Speaker 2:Um, and does that mean he's going to? You know I'm going to get bigger, I might have spots, I might do you know? I mean, is that going to be another reason for him to cheat, you know? Um, so yeah, that was a massive thing for me. Um, mentally trying to process um, the pregnancy.
Speaker 1:I thought we'll have a minute to pause and, and what would be? Obviously, your life has changed and we're gonna go into that later on, but for anybody who is listening, who is going through a similar experience, um, what would be your advice to them? Because many people say, oh, why don't you leave? Or it's easy to just get up and leave, but it's you've, you've lived it, you've been through it. What? How could you help other men and women, whether young and old? How? What would be your advice to them?
Speaker 1:I would say, I guess, now being through it, I would say and we're particularly talking about, like the cheating, because there's many people that is in a relationship where they're with a serial cheater and some people say like, oh, just walk away, or why is he or she still there? Or people who's actually in your shoes, that is a single parent and is actually settling for somebody who's a serial cheater. What?
Speaker 2:would be your strength for them.
Speaker 2:I would say to walk away. It's weird because, because you know, I had people saying that to me and when you're when you're in it, it is very hard um. So I do get why a lot of women do stay um in relationships like that, and men too, to be honest with you, um, but I guess walking away um definitely is, even with a child. Um, because I guess why I say this is some people are really good at reading you, knowing your weaknesses, and that's another thing that I did.
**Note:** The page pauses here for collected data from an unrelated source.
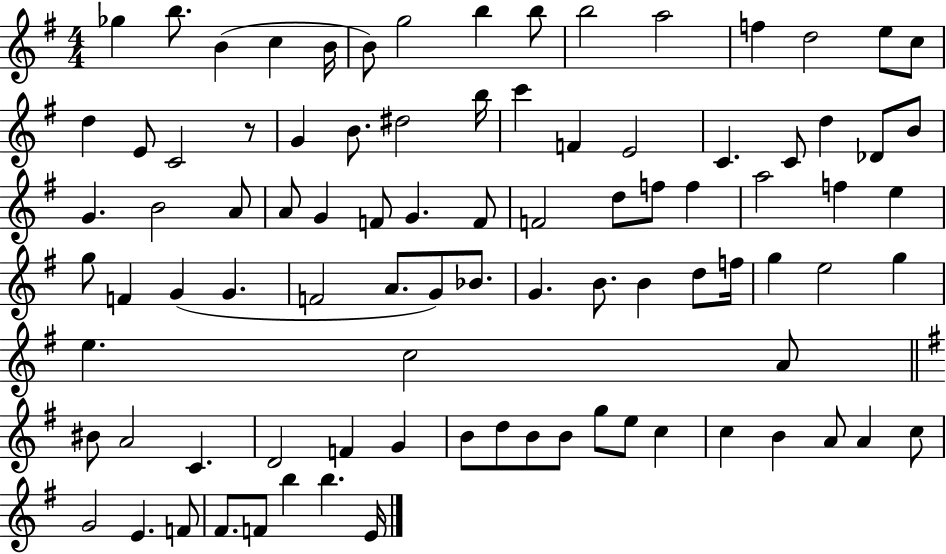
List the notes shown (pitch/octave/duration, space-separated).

Gb5/q B5/e. B4/q C5/q B4/s B4/e G5/h B5/q B5/e B5/h A5/h F5/q D5/h E5/e C5/e D5/q E4/e C4/h R/e G4/q B4/e. D#5/h B5/s C6/q F4/q E4/h C4/q. C4/e D5/q Db4/e B4/e G4/q. B4/h A4/e A4/e G4/q F4/e G4/q. F4/e F4/h D5/e F5/e F5/q A5/h F5/q E5/q G5/e F4/q G4/q G4/q. F4/h A4/e. G4/e Bb4/e. G4/q. B4/e. B4/q D5/e F5/s G5/q E5/h G5/q E5/q. C5/h A4/e BIS4/e A4/h C4/q. D4/h F4/q G4/q B4/e D5/e B4/e B4/e G5/e E5/e C5/q C5/q B4/q A4/e A4/q C5/e G4/h E4/q. F4/e F#4/e. F4/e B5/q B5/q. E4/s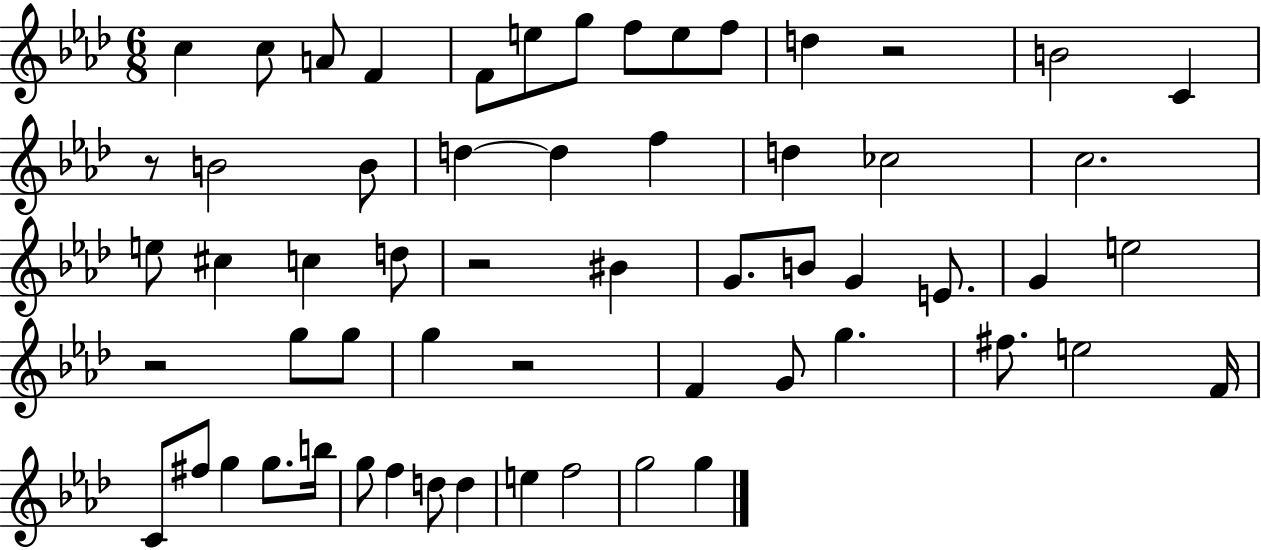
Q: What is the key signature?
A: AES major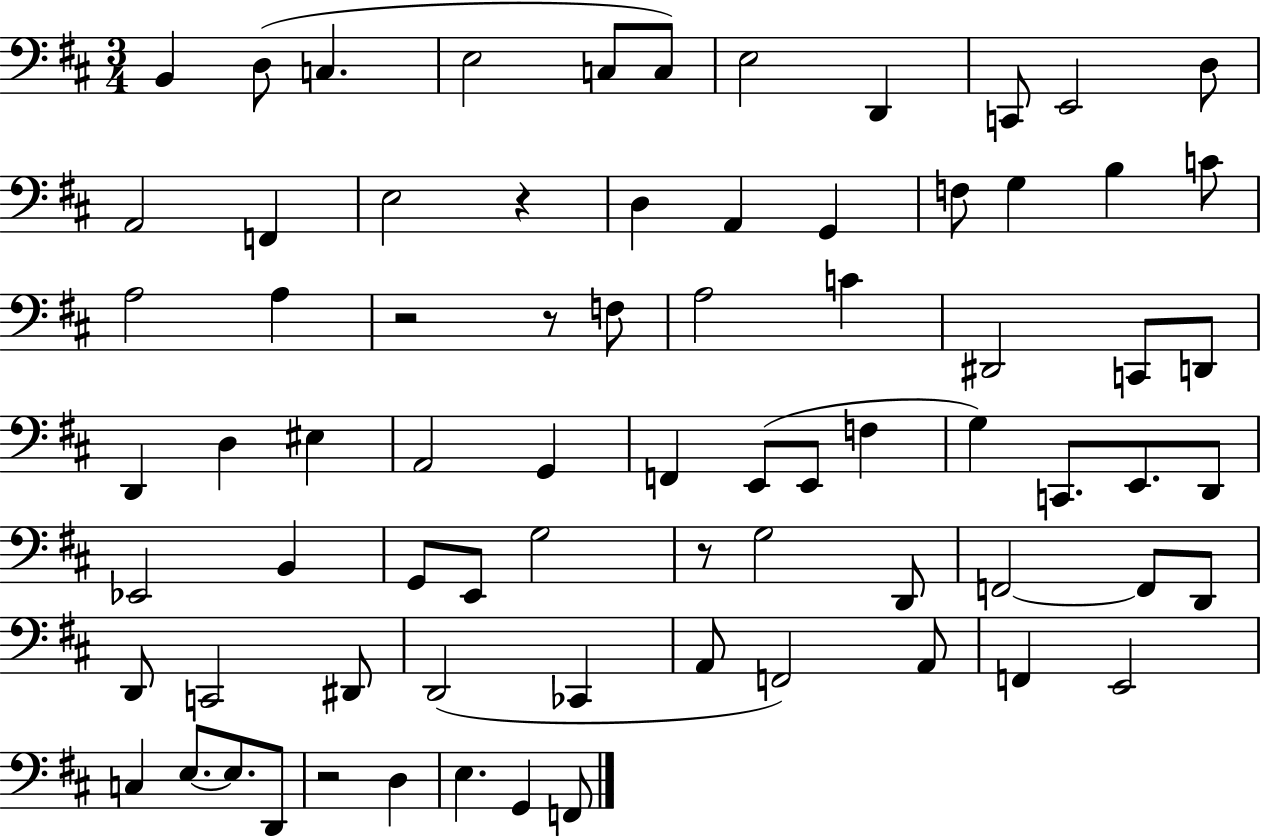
{
  \clef bass
  \numericTimeSignature
  \time 3/4
  \key d \major
  b,4 d8( c4. | e2 c8 c8) | e2 d,4 | c,8 e,2 d8 | \break a,2 f,4 | e2 r4 | d4 a,4 g,4 | f8 g4 b4 c'8 | \break a2 a4 | r2 r8 f8 | a2 c'4 | dis,2 c,8 d,8 | \break d,4 d4 eis4 | a,2 g,4 | f,4 e,8( e,8 f4 | g4) c,8. e,8. d,8 | \break ees,2 b,4 | g,8 e,8 g2 | r8 g2 d,8 | f,2~~ f,8 d,8 | \break d,8 c,2 dis,8 | d,2( ces,4 | a,8 f,2) a,8 | f,4 e,2 | \break c4 e8.~~ e8. d,8 | r2 d4 | e4. g,4 f,8 | \bar "|."
}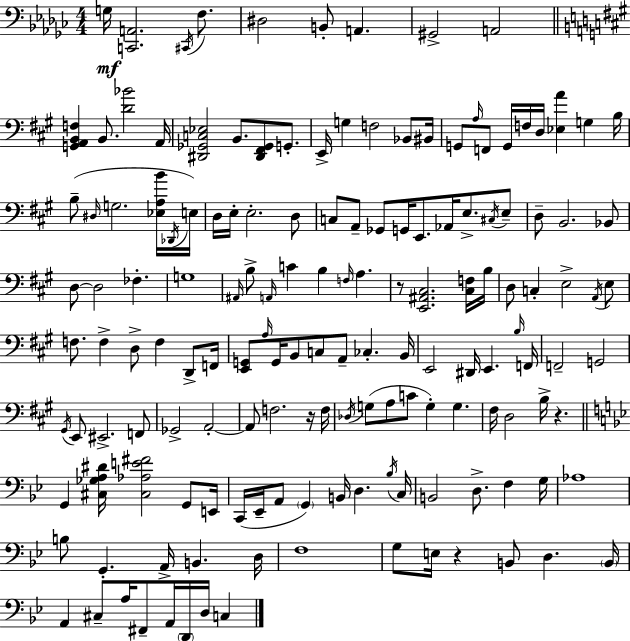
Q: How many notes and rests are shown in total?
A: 152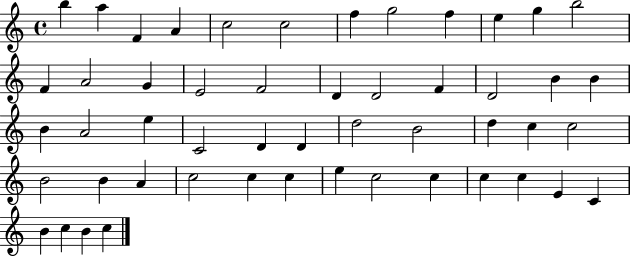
B5/q A5/q F4/q A4/q C5/h C5/h F5/q G5/h F5/q E5/q G5/q B5/h F4/q A4/h G4/q E4/h F4/h D4/q D4/h F4/q D4/h B4/q B4/q B4/q A4/h E5/q C4/h D4/q D4/q D5/h B4/h D5/q C5/q C5/h B4/h B4/q A4/q C5/h C5/q C5/q E5/q C5/h C5/q C5/q C5/q E4/q C4/q B4/q C5/q B4/q C5/q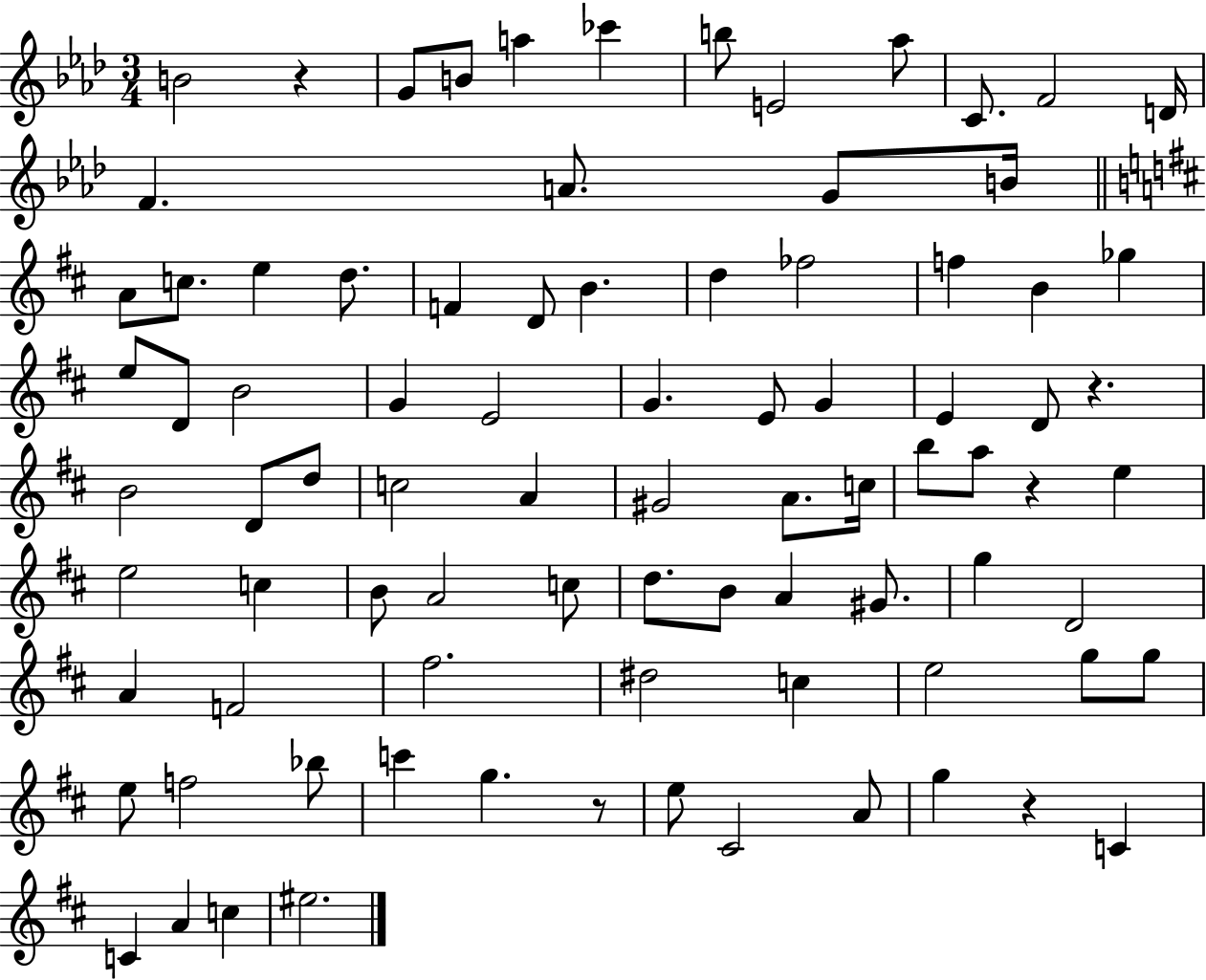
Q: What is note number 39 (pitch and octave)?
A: D4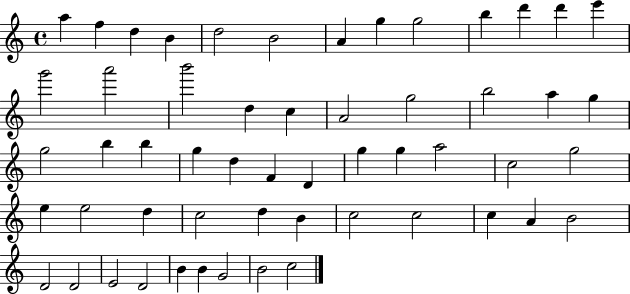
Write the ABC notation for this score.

X:1
T:Untitled
M:4/4
L:1/4
K:C
a f d B d2 B2 A g g2 b d' d' e' g'2 a'2 b'2 d c A2 g2 b2 a g g2 b b g d F D g g a2 c2 g2 e e2 d c2 d B c2 c2 c A B2 D2 D2 E2 D2 B B G2 B2 c2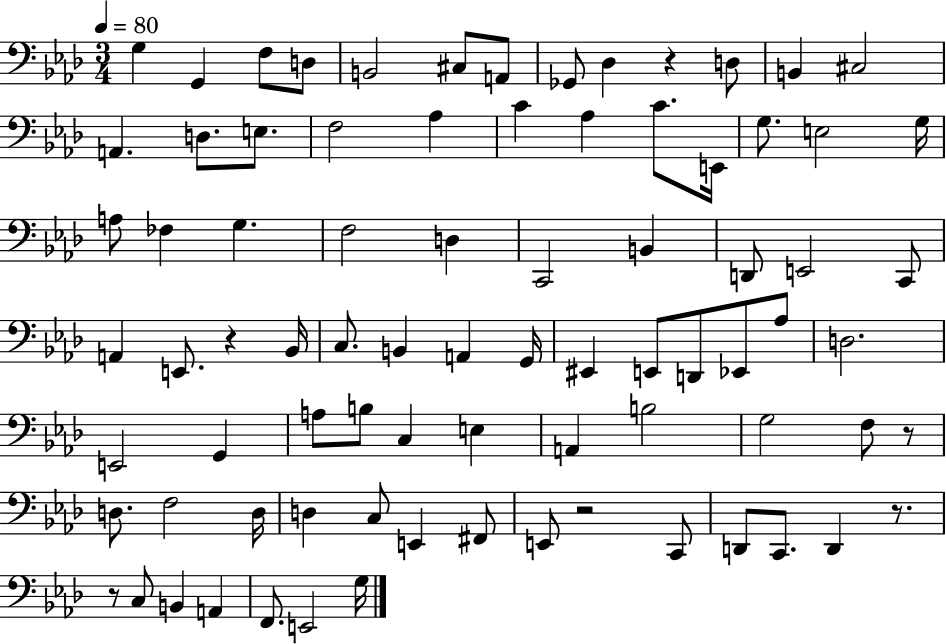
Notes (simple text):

G3/q G2/q F3/e D3/e B2/h C#3/e A2/e Gb2/e Db3/q R/q D3/e B2/q C#3/h A2/q. D3/e. E3/e. F3/h Ab3/q C4/q Ab3/q C4/e. E2/s G3/e. E3/h G3/s A3/e FES3/q G3/q. F3/h D3/q C2/h B2/q D2/e E2/h C2/e A2/q E2/e. R/q Bb2/s C3/e. B2/q A2/q G2/s EIS2/q E2/e D2/e Eb2/e Ab3/e D3/h. E2/h G2/q A3/e B3/e C3/q E3/q A2/q B3/h G3/h F3/e R/e D3/e. F3/h D3/s D3/q C3/e E2/q F#2/e E2/e R/h C2/e D2/e C2/e. D2/q R/e. R/e C3/e B2/q A2/q F2/e. E2/h G3/s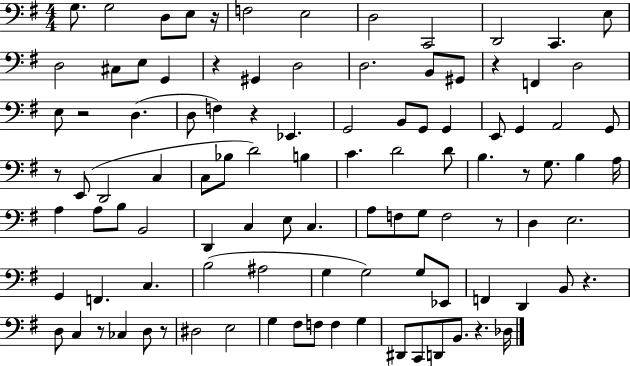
G3/e. G3/h D3/e E3/e R/s F3/h E3/h D3/h C2/h D2/h C2/q. E3/e D3/h C#3/e E3/e G2/q R/q G#2/q D3/h D3/h. B2/e G#2/e R/q F2/q D3/h E3/e R/h D3/q. D3/e F3/q R/q Eb2/q. G2/h B2/e G2/e G2/q E2/e G2/q A2/h G2/e R/e E2/e D2/h C3/q C3/e Bb3/e D4/h B3/q C4/q. D4/h D4/e B3/q. R/e G3/e. B3/q A3/s A3/q A3/e B3/e B2/h D2/q C3/q E3/e C3/q. A3/e F3/e G3/e F3/h R/e D3/q E3/h. G2/q F2/q. C3/q. B3/h A#3/h G3/q G3/h G3/e Eb2/e F2/q D2/q B2/e R/q. D3/e C3/q R/e CES3/q D3/e R/e D#3/h E3/h G3/q F#3/e F3/e F3/q G3/q D#2/e C2/e D2/e B2/e. R/q. Db3/s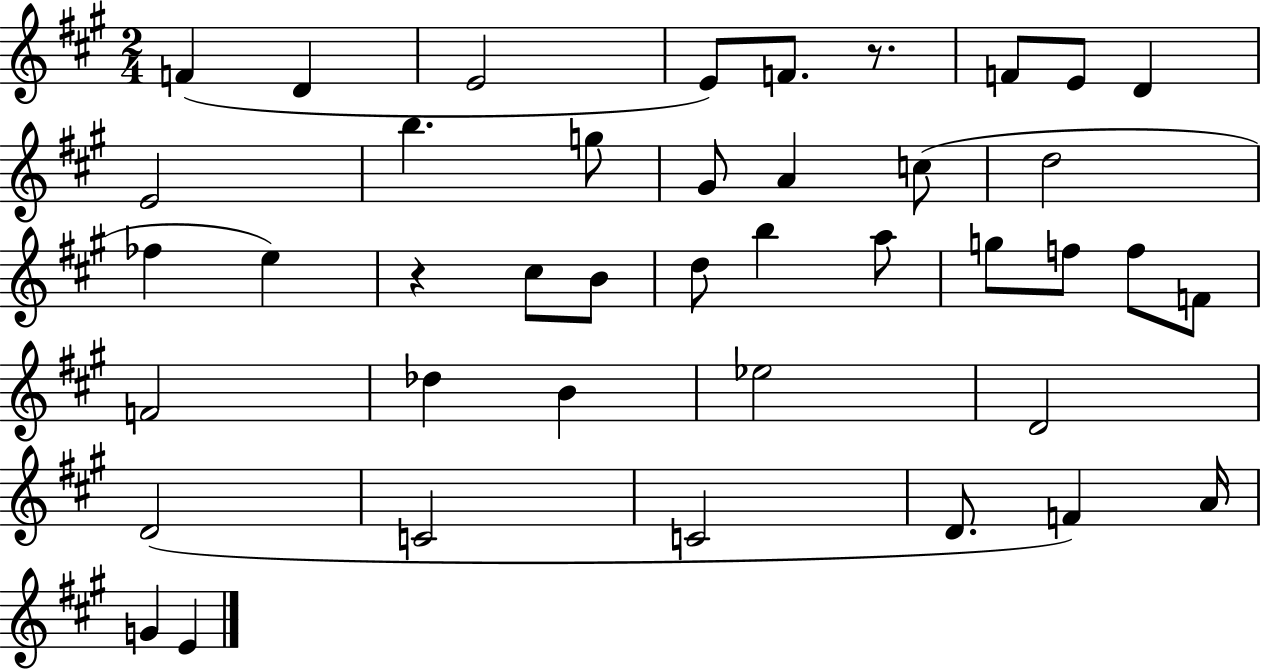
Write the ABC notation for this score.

X:1
T:Untitled
M:2/4
L:1/4
K:A
F D E2 E/2 F/2 z/2 F/2 E/2 D E2 b g/2 ^G/2 A c/2 d2 _f e z ^c/2 B/2 d/2 b a/2 g/2 f/2 f/2 F/2 F2 _d B _e2 D2 D2 C2 C2 D/2 F A/4 G E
I let him into my personal world. You know a bit too much. I told him about my childhood. I told him about my experiences growing up, what I went through, and there was a lot of times that he did play on that and he used that against me to keep me stuck.
Speaker 2:So that's why I can confidently say you know, if they are mentally draining you, you're noticing drastic changes in yourself. You know I didn't want to leave my home. I looked in the mirror. I used to see, just see, just death, literally. I hated the way that I looked, got rid of all my clothes, hardly went out. Um, if you're noticing anything like that, you know leave, and even if, for example, you're explaining to them how you're feeling. They're not taking it on. It's going in one ear and out the other.
Speaker 1:You know, leave um yeah, I'd also say excluding you from friends and family um, because I know Maya um, and there was one point as well that I could talk on because we spoke about it, and I bought her a blender and I drove all the way up to her house because she lives in Timbuktu and I was ringing ringing the doorbell and she would always answer and I always remember that that's not her character.
Speaker 1:And I sent a message to basically said like, oh, I left the gift on the. I was able to get in to where she lived to just put the gift outside and I was just about to go and I remember a message saying like I can come, and I remember him opening the door and the whole aura just felt controlled. The whole aura just felt controlled. And I think I know women sometimes do it naturally when it's taken them so long to find a boyfriend that they distance themselves naturally. But that's also a massive red flag because when you distance yourself and you put your partner not saying that your friends or family should be first, but when you don't have a balanced relationship, it's so much easier for somebody who's an abuser to keep you in a box and nobody will know. So I think that's another thing to be very mindful of 100%.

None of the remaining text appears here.